Mechanische Verhütungsverfahren

Mechanische Verhütungs- verfahren


Informationen über verschiedene Verhütungsformen

Hinweis: Die nachfolgend aufgeführten Informationen ersetzen nicht die individuelle Beratung durch Frauenarzt/-ärztin.

Kondom

Wirkungsweise
Verhinderung der Ejakulation in die Scheide.
Vorteile
Gleichzeitiger Schutz vor Infektionen.
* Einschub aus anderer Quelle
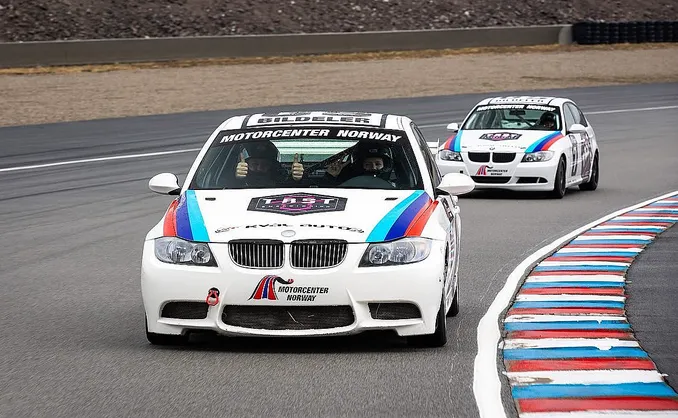 Kjør BMW på racerbane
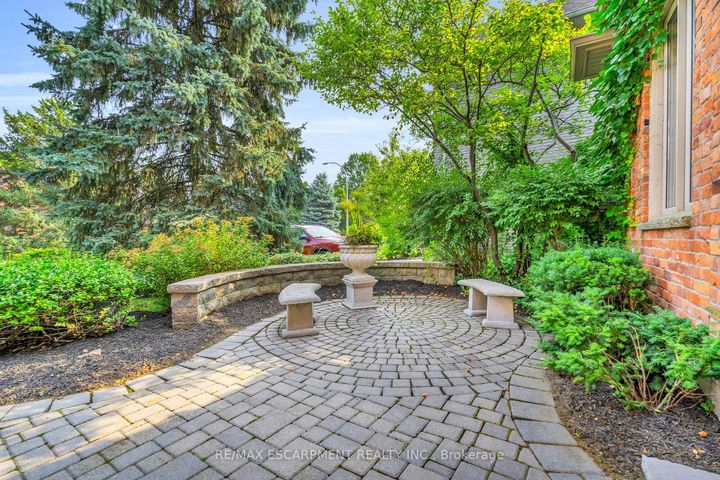 Photo 2 at 484 Bush Drive, Ancaster, Hamilton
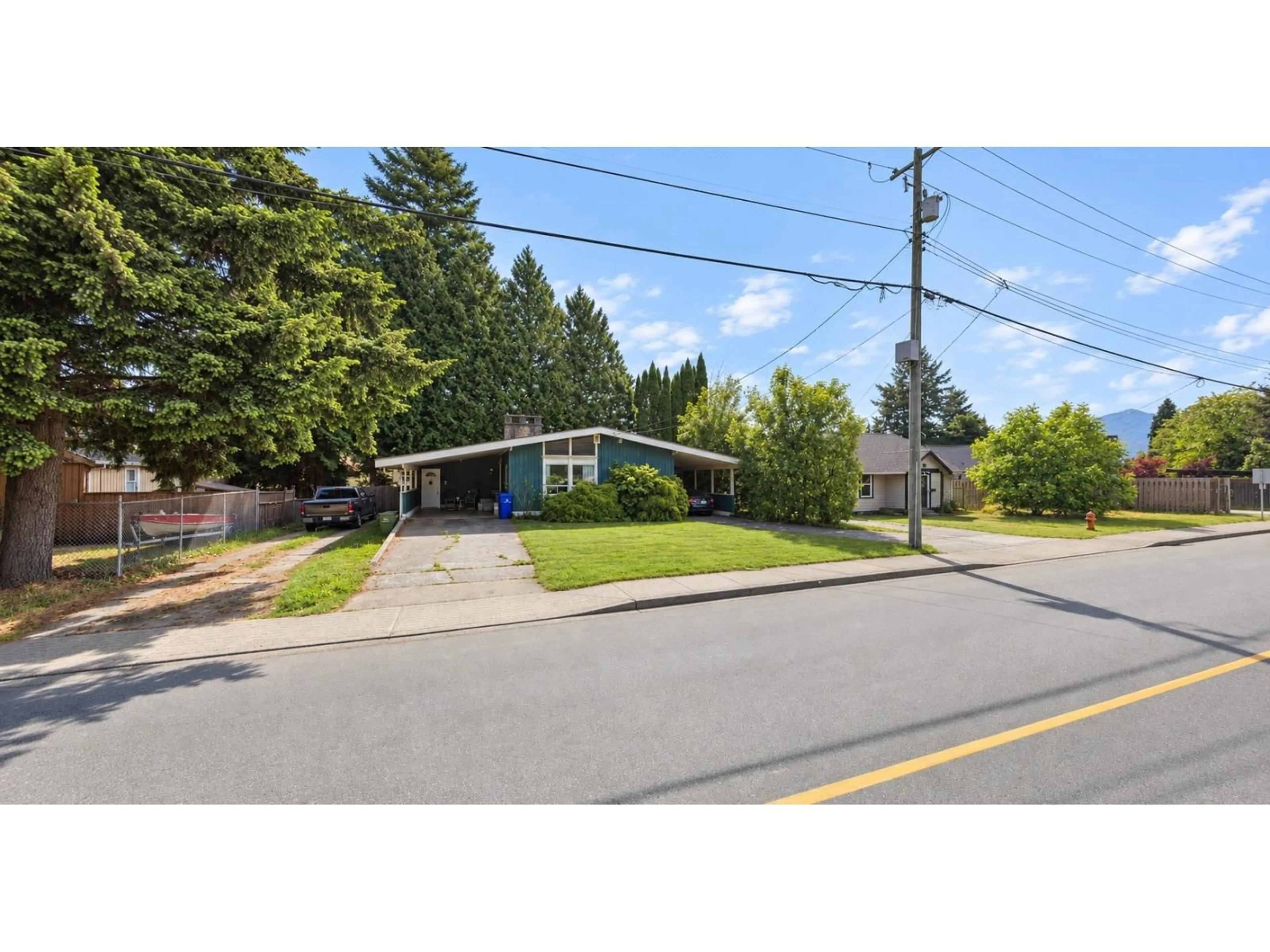 A pic from outside/outdoor area/front of a property/back of a property/a pic from drone, street for 9542 YOUNG ROAD, Chilliwack British Columbia V2P4S8
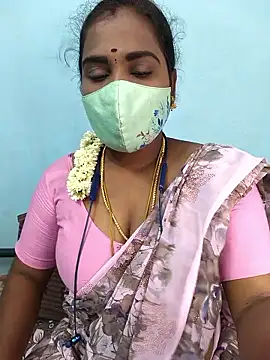 Snapshot of Tamil_riyalini12 chatting on 7, 5, 2026 Tamil riyalini12 online show from 7, 5, 2026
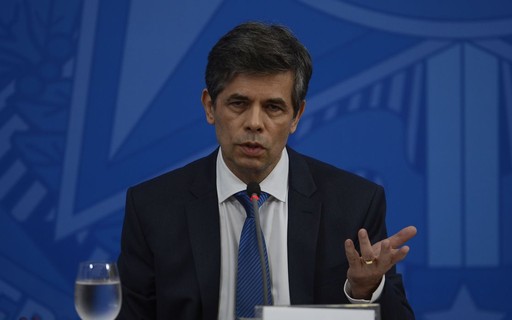 Teich cita plano pronto deixado para secretários e visita a municípios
Preiswerte Verhütungsmethode.
Nachteile
Eingeschränkte Spontansexualität und eventuell eingeschränktes sexuelles Erleben.
Sicherheit
Mittlere Sicherheit mit einem Pearl-Index von 2.0 - 12.0

Diaphragma

Wirkungsweise
Silikonring, welcher das hintere Scheidengewölbe verschließt. Wird von der Frau vor dem Verkehr unter Verwendung eines Spermizids mindestens 10 Minuten bis maximal 2 Stunden vor dem Verkehr eingesetzt. Verhindert das Eindringen von Spermien in den Gebärmutterhals.
Vorteile
Schutz gegen aufsteigende Keime, jedoch nicht vor HIV.
Nachteile
Anpassung durch den Gynäkologen und Üben des Einsetzens erforderlich. Sonstige Nachteile analog Kondom.
Sicherheit
Geringe bis mittlere Sicherheit mit einem Pearl-Index von 1.0 - 20.0 (in Kombination mit Spermiziden)

Spermizid

Wirkungsweise
Chemische Mittel, die in Form von Schaum, Gel, Zäpchen oder Cremes in die Scheide eingebracht werden und eindringende Spermien immobilisieren und abtöten.
Vorteile
Leichte Handhabung, Anwendung jederzeit zwischen 10 und 60 Minuten vor dem Verkehr möglich.
Nachteile
Wirkungseintritt erst nach ca. 10 Minuten, Wärmegefühl in der Scheide möglich. Es kann vereinzelt zu allergischen Reaktionen und zu vermehrtenmAusfluss kommen.
Sicherheit
Geringe bis mittlere Sicherheit mit einem Pearl-Index von 3,0 – 21,0

Quelle: Janni, Rack, Friese: Facharzt Gynäkologie, 1. Auflage (2008), Urban & Fischer.